== Provided records
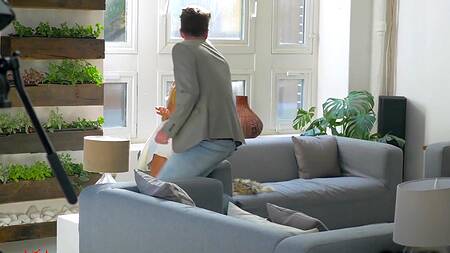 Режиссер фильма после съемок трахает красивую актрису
====
== Provided records
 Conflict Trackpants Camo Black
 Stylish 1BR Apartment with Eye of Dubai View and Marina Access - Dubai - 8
====
* _What you are asked to do_
Give back exactly the lines above, from the line containing "Conflict Trackpants Camo Black" through the line containing "Stylish 1BR Apartment", with both end lines and nothing more.

* _Result below_
 Conflict Trackpants Camo Black
 Stylish 1BR Apartment with Eye of Dubai View and Marina Access - Dubai - 8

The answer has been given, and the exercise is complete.